Casino – 10th Anniversary Edition (1995)

by | Jan 18, 2006 | DVD & Blu-ray Video Reviews | 0 comments

Casino – 10th Anniversary Edition (1995)

Starring:  Robert De Niro, Sharon Stone, and Joe Pesci
Studio:  Universal
Video:  2.35:1 Widescreen Enhanced for 16:9
Audio:  English 5.1, French 5.1, Spanish 5.1
Extras:  Audio Commentary with Martin Scorsese, Sharon Stone, Nicholas Pileggi and More; Casino: The Story (8 min); Casino: The Cast and Characters (20 min); Casino: The Look (16 min); Casino: After The Filming (9 min); Deleted Scenes (4- 3 min); Vegas and the Mob (14 min); History Alive: True Crime Authors: Casino With Nicholas Pileggi (43 min); Production Notes.
Length:  179 minutes
Rating:  ****

It had been a while since I had viewed Casino and one of the first thoughts that entered my mind was “Does it really have to be so long?”  Well, after a critical viewing, I can’t imagine altering the film in any way.  Those who have come to expect certain elements to be present in a Scorsese gangster film like Mean Streets and Goodfellas will not be disappointed.  Although De Niro and Pesci work their usual magic, it is Sharon Stone who manages to steal the show.  Her performance, combined with the sets, the direction, the acting, the writing, the editing, and so on and so forth put this film in my Scorsese Top 5 list.  Even smaller parts like that played by James Woods, Frank Vincent, and Don Rickles add to the solidity of the structure of the film.

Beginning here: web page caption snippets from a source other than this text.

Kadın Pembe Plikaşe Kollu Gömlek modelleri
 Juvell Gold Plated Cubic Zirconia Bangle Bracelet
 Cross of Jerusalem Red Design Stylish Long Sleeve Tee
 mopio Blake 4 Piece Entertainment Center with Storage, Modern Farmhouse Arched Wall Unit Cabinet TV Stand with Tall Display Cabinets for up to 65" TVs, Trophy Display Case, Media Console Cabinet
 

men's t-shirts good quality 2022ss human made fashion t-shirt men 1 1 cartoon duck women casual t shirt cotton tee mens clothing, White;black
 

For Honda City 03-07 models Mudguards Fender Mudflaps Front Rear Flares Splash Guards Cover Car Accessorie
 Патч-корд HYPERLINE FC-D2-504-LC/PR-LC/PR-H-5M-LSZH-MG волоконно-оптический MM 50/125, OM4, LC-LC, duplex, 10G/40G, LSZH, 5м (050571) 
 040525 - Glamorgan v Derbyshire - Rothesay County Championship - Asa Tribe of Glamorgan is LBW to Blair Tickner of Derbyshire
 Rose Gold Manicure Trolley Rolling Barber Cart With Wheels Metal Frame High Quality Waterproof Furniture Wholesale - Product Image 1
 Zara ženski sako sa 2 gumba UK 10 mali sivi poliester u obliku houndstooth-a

Author Nicholas Pileggi became fascinated with beginnings of Las Vegas casinos in the early 70s after witnessing public trials of mobsters on television.  Getting information about the main character the story is based upon was difficult until the idea that a film would be made and De Niro would portray the Rothstein character—the man put in charge of The Tangiers casino in Vegas.  Pesci plays a somewhat crazy up-and-comer (Nicky Santoro) who sees the money being made in the city of sin and jumps on the bandwagon.  He soon gets out of control and proves to be a thorn in Rothstein’s side.  But Rothstein’s fatal flaw comes when he falls for Ginger and though he knows she does not love him, makes her his wife.  This is the essence of the formula for the film—the idea that everything should have been perfect, yet one mistake (and lots of greed) managed to unhinge the entire plan.

The film can become an emotional tennis match (and very violent) in parts–especially at the times when Ginger’s character phones or meets with her ex- (or not so ex-) boyfriend Lester.  But the scene that is truly painful to watch comes near the end of the film when Nicky goes too far and has to be handled.

The extras on the second side of the DVD like “Vegas and the Mob” are not only interesting but are very informative.  The “True Crime” segment was shown on the History Channel and is nearly three quarters of an hour of background about the film.  Casino is an excellent work, and if the bits of violence and heavy drama don’t deter the viewer, then it is sure to be a big winner.